SQLite – Open Format for Open Data
I scraped Gujarat rainfall data recently. The end result was 6 lakh rows of structured data. I released the data as an SQLite file instead of say a bunch of CSV or excel files. It kind of surprised some of my friends. But I think it’s a great file format for releasing open data.
- Database contained in a single file
- Easy to send, store and share. It’s one file after all
- Like any file, you can compress and encrypt it using standard ways
- Control read/write using file read/write permissions
- Size of the database depends on the size of the file which is virtually unlimited by hardware
- Simple UI-based software available to explore. Just the way you open .xls files with Excel, you can open .sqlite files with softwares like DB Browser for SQLite. It works on Windows, Mac and Linux.
- Apps available for Android and IOS
- Both UI and command line tools available for Linux, MAC and Windows
- Browser-based tools available like SQLite Manager for Firefox
- As fast as your computer's read/write speed
- Supports standard SQL
- Supports standard SQL data formats
- Supports export and import from other formats (like CSV, TSV)

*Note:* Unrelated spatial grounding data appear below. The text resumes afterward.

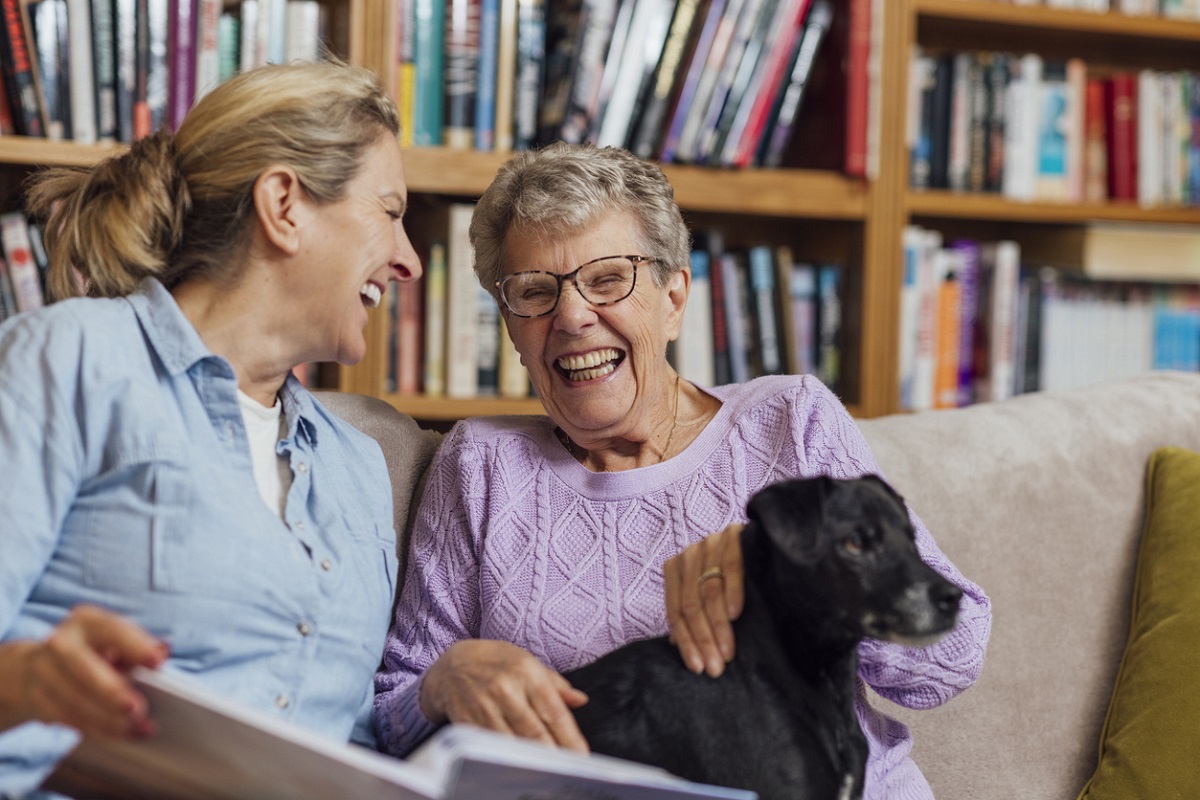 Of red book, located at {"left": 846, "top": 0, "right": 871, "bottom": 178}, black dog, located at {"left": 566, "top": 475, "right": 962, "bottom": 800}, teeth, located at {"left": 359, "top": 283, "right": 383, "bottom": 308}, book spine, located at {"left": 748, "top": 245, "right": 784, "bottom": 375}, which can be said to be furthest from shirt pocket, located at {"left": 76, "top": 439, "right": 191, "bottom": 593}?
red book, located at {"left": 846, "top": 0, "right": 871, "bottom": 178}

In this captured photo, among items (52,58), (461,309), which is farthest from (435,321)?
(52,58)

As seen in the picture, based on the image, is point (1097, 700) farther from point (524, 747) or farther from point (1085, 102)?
point (1085, 102)

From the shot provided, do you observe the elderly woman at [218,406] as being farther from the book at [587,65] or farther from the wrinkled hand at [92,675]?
the book at [587,65]

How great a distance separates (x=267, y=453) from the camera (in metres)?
1.24

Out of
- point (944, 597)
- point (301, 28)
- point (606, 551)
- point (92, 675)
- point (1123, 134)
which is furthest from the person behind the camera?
point (1123, 134)

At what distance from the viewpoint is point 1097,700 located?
1683mm

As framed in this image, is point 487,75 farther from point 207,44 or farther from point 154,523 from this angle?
point 154,523

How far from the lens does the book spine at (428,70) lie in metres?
2.12

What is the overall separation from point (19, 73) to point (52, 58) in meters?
0.06

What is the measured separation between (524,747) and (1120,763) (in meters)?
1.08

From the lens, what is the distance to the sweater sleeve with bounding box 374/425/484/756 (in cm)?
139

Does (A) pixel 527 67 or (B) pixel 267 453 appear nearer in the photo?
(B) pixel 267 453

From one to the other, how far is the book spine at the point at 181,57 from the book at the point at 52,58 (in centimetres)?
16

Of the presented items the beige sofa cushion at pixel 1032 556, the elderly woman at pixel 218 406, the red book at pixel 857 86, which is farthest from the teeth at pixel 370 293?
the red book at pixel 857 86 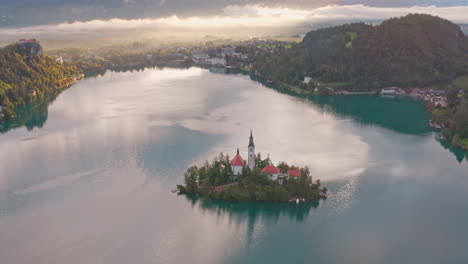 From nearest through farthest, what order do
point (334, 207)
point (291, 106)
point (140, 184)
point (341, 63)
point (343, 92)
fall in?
point (334, 207)
point (140, 184)
point (291, 106)
point (343, 92)
point (341, 63)

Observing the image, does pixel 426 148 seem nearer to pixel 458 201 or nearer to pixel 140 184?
pixel 458 201

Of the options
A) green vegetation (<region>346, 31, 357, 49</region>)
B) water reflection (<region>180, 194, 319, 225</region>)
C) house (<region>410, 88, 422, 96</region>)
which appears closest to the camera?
water reflection (<region>180, 194, 319, 225</region>)

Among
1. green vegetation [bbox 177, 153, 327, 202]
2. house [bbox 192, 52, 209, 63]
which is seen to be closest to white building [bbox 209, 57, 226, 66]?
house [bbox 192, 52, 209, 63]

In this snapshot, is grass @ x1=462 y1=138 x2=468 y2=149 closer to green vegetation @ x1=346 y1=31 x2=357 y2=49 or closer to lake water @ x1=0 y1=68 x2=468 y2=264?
lake water @ x1=0 y1=68 x2=468 y2=264

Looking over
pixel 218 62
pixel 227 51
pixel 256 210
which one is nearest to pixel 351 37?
pixel 218 62

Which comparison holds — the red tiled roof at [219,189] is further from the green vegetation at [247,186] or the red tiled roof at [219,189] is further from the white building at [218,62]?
the white building at [218,62]

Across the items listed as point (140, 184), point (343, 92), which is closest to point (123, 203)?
point (140, 184)

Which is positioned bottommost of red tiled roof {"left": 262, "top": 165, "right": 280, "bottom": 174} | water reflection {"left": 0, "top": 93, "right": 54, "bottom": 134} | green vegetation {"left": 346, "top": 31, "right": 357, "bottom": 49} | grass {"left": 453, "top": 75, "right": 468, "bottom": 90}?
water reflection {"left": 0, "top": 93, "right": 54, "bottom": 134}

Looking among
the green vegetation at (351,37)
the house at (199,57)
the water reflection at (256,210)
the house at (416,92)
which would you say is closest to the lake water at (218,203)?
the water reflection at (256,210)
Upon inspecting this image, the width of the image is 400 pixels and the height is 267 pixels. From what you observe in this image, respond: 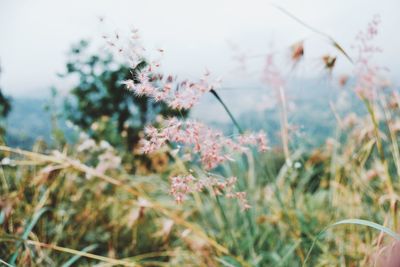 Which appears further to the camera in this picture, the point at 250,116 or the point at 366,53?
the point at 250,116

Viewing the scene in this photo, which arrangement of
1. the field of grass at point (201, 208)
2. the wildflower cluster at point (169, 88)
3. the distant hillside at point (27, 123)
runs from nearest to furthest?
the wildflower cluster at point (169, 88) → the field of grass at point (201, 208) → the distant hillside at point (27, 123)

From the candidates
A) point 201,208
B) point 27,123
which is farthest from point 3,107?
point 201,208

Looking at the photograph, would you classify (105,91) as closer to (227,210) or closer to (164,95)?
(227,210)

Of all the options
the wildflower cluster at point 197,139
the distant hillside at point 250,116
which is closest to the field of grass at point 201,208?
the wildflower cluster at point 197,139

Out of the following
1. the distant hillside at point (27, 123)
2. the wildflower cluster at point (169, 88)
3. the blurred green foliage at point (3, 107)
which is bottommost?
the distant hillside at point (27, 123)

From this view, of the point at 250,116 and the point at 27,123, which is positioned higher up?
the point at 250,116

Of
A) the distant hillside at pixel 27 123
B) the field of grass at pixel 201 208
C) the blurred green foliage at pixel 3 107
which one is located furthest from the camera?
the distant hillside at pixel 27 123

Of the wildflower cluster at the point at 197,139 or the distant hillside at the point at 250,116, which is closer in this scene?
the wildflower cluster at the point at 197,139

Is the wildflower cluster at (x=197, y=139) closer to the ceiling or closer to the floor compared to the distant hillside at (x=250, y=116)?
closer to the ceiling

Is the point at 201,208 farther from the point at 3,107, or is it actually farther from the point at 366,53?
the point at 3,107

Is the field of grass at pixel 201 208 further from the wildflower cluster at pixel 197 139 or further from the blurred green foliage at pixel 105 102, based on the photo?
the blurred green foliage at pixel 105 102

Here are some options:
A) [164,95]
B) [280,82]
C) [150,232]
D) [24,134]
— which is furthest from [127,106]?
[164,95]

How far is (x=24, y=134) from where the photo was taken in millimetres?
2969

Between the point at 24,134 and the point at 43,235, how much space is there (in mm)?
1213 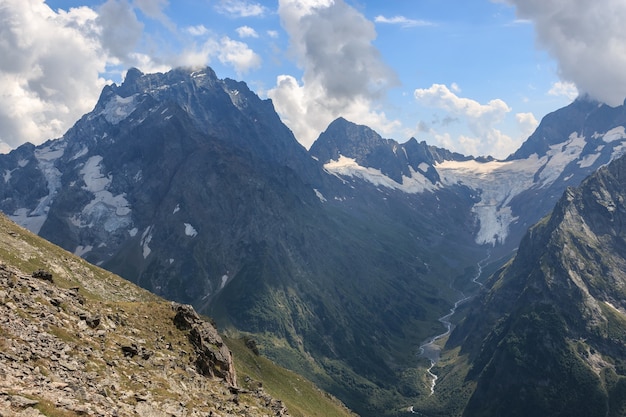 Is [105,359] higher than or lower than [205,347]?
lower

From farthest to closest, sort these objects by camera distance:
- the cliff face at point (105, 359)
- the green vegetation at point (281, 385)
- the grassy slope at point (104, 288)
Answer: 1. the green vegetation at point (281, 385)
2. the grassy slope at point (104, 288)
3. the cliff face at point (105, 359)

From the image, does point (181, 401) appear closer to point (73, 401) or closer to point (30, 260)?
point (73, 401)

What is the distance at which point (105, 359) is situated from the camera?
6391cm

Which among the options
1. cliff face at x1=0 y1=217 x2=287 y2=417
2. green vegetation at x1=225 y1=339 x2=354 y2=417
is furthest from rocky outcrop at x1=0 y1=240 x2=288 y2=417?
green vegetation at x1=225 y1=339 x2=354 y2=417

- Standard libraries available for all programming languages
- Transparent encryption support through plugins
- GIS support though plugins
- Above all it’s a public domain software; you can do whatever you want to do with it. It’s going to stay here forever
- SQLite database file format is open
- Above all SQLite just works
So from here on my default file format for Open Data is SQLite.
I believe Firefox internally use SQLite ..if I am not grossly wrong…correct me.
Both Firefox and Chrome use SQLite internally.
Okies,
Firstly SQLite is unbeatable. Secondly I think its great to release it in that format too. Because you can get any format out of sqlite.
I have had great experiences with SQLite. Especially when I have to deal with large XML’s. I sort of never understood XML as a data exchange format. Its a pain to deal with XML parsers because some thing or the other is always broken with parsers in nearly every language that I have seen. Its immensely difficult to query them with standard tool like awk/sed/perl and often the data size makes it difficult to work with.
It makes a great tool for analytics for all kinds. My highest I’ve pushed so far is 15 million records imported straight from an XML. The database size was around 3 GB. With 15 million records my queries were a little slow. The performance degraded, but I’m told usage of rtree’s (http://www.sqlite.org/rtree.html) can help in increasing the performance by a great deal.
But I’ve also read of(In Hacker news) db file sizes hitting upwards some 10’s GB’s without much performance degradation.
Lastly what I need more is some text processing goodies. These days I have to get data into sqlite and use heavy regular expressions through perl for mining data out of fields.
sqlite can be a great tool in time to come.